If a test MUST return true if any value is found to belong to the list,
does that place a limit on the "list-specific mechanism" by which a list
can be queried? If so, it would be good to say that, and to describe a
bit more what we mean by list-specific mechanisms. (It's also not clear
to me how such list-specific mechanisms are discovered or advertised.)

There's no reason for it to be either discovered or advertised.  The
point of talking about a "list-specific mechanism" is exactly that
it's opaque, so no assumptions can be made about how it works.  It's
not done with a Sieve comparison.

The "queries stop" bit was meant as a way to say that once a match is
found, the list-specific mechanism needn't keep looking at the other
values.  If you think it's useful, I can change the text to say that.
Perhaps:

    If any value is found to belong to the list, the test returns
"true".  If no value
    belongs to the list, the test returns "false".  Once a value is
found in the list,
    there is no need for the query mechanism to look further.

Section 2.4 states:

  A name of an externally stored list is always an absolute URI [URI].
  Implementations might find URLs such as [LDAP], [CardDAV], or
  [TAG-URI] to be useful for naming external lists.

URLs, or URIs?

Fixed; thanks.

IMHO it would be helpful for Section 2.5 to provide more examples.
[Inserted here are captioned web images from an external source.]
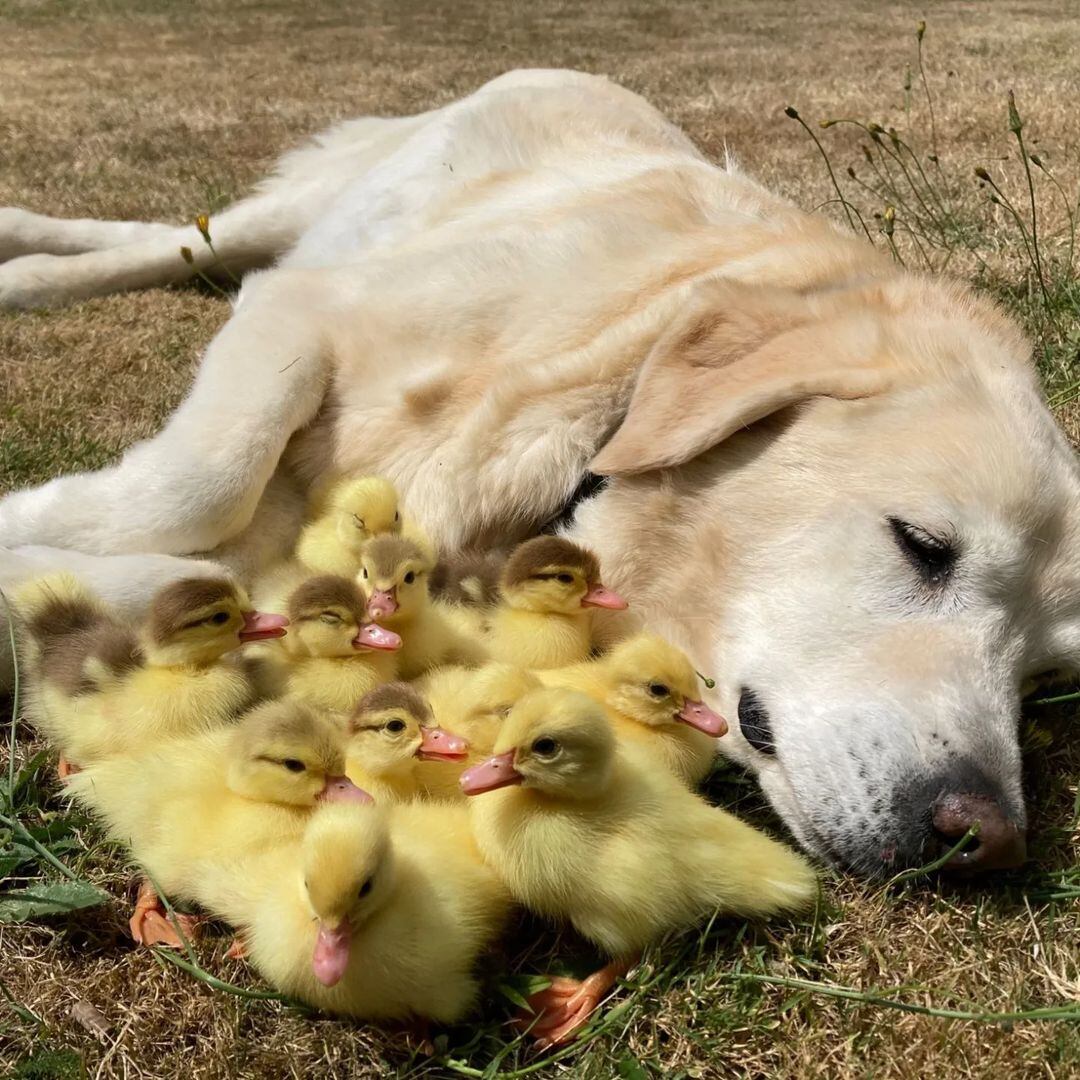 La nueva familia de Fred.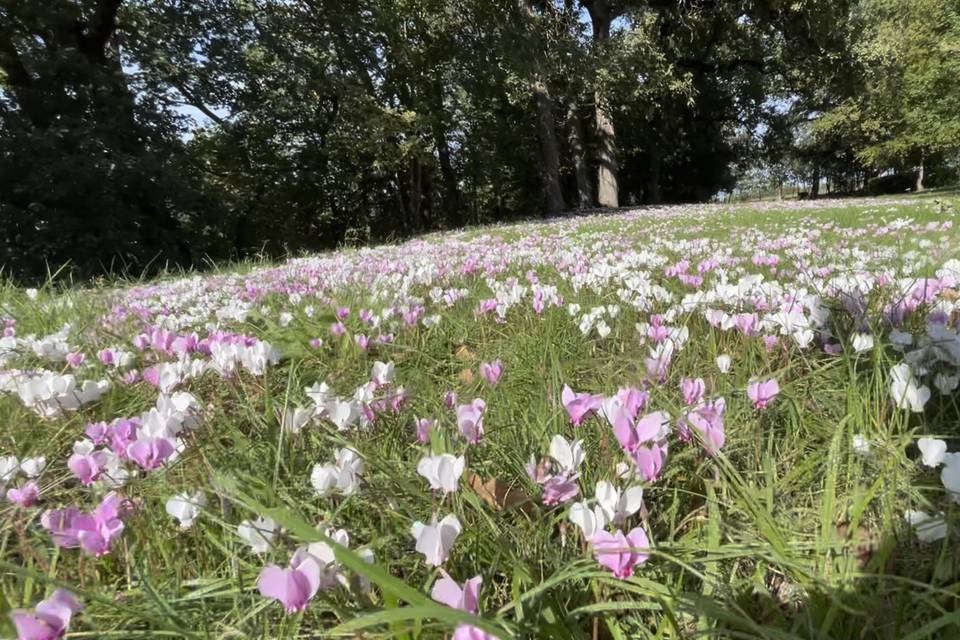 Tapis de cyclamen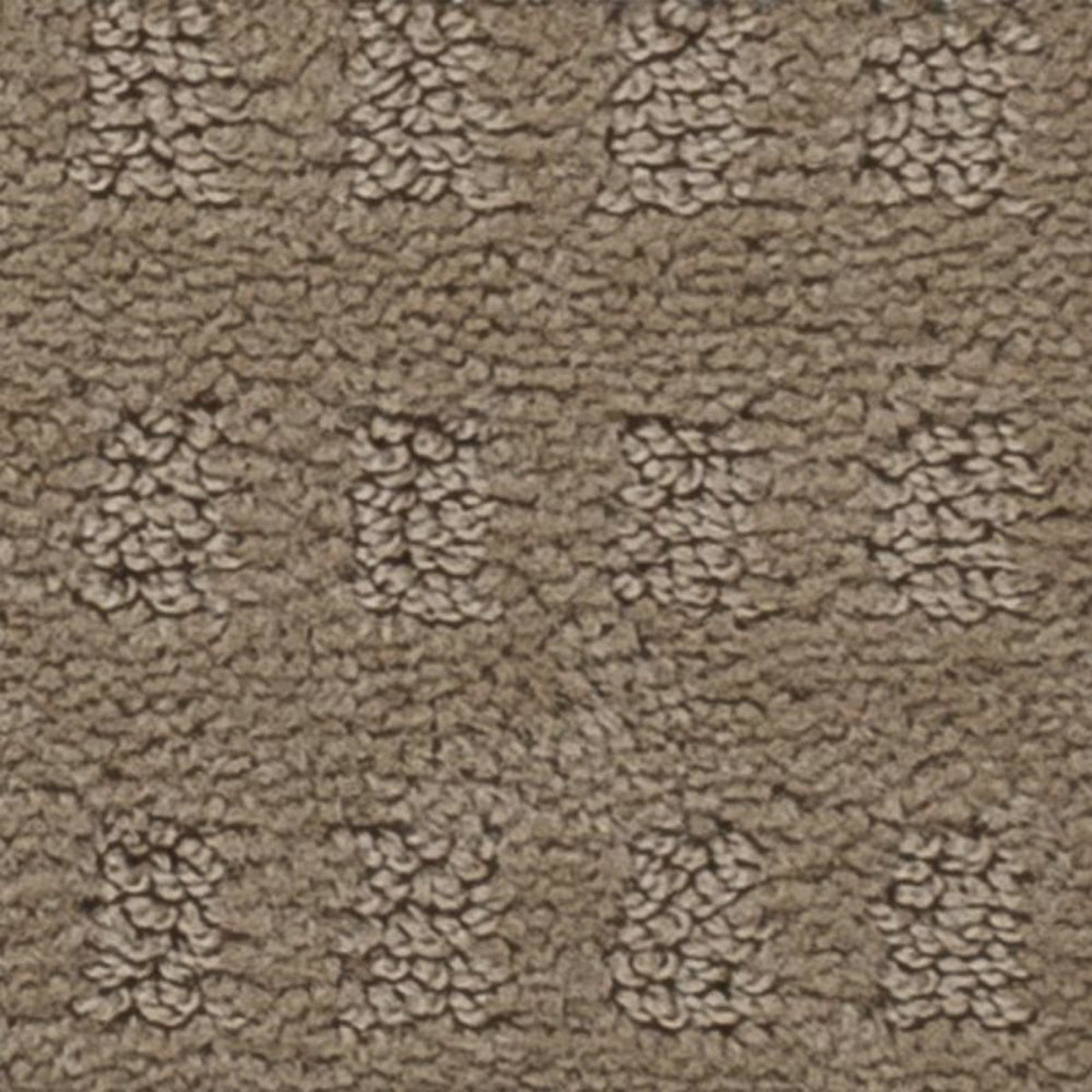 Pacific Heights carpet in River Rock 305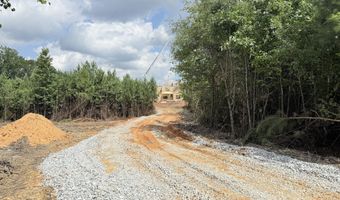 Lot 2 Silver Dollar, Barnesville, GA 30204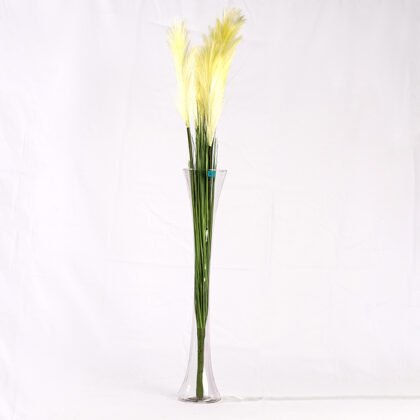 Feather Colors Branch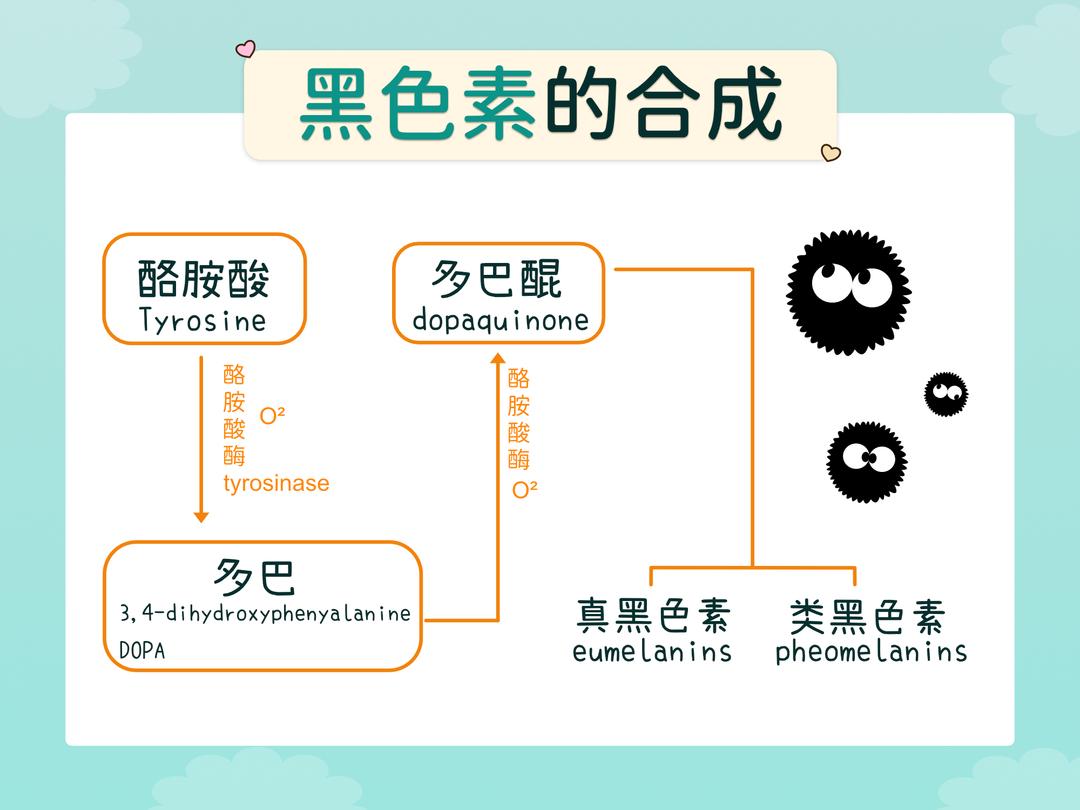 天生晒不黑?!有可能吗?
More examples are always good.  If anyone can give me specific
examples, I'll put them in.  Unless there are implementations of this,
I don't know that we have good examples to give.

Section 4 seems to imply that this document is registering a notify
Sieve extension per RFC 5435, but as far as I can see the extlists
extension is not a notification method.

No, this document is registering a Sieve extension, per RFC 5228.
It's just the word "notify" that's extraneous, and I've removed it.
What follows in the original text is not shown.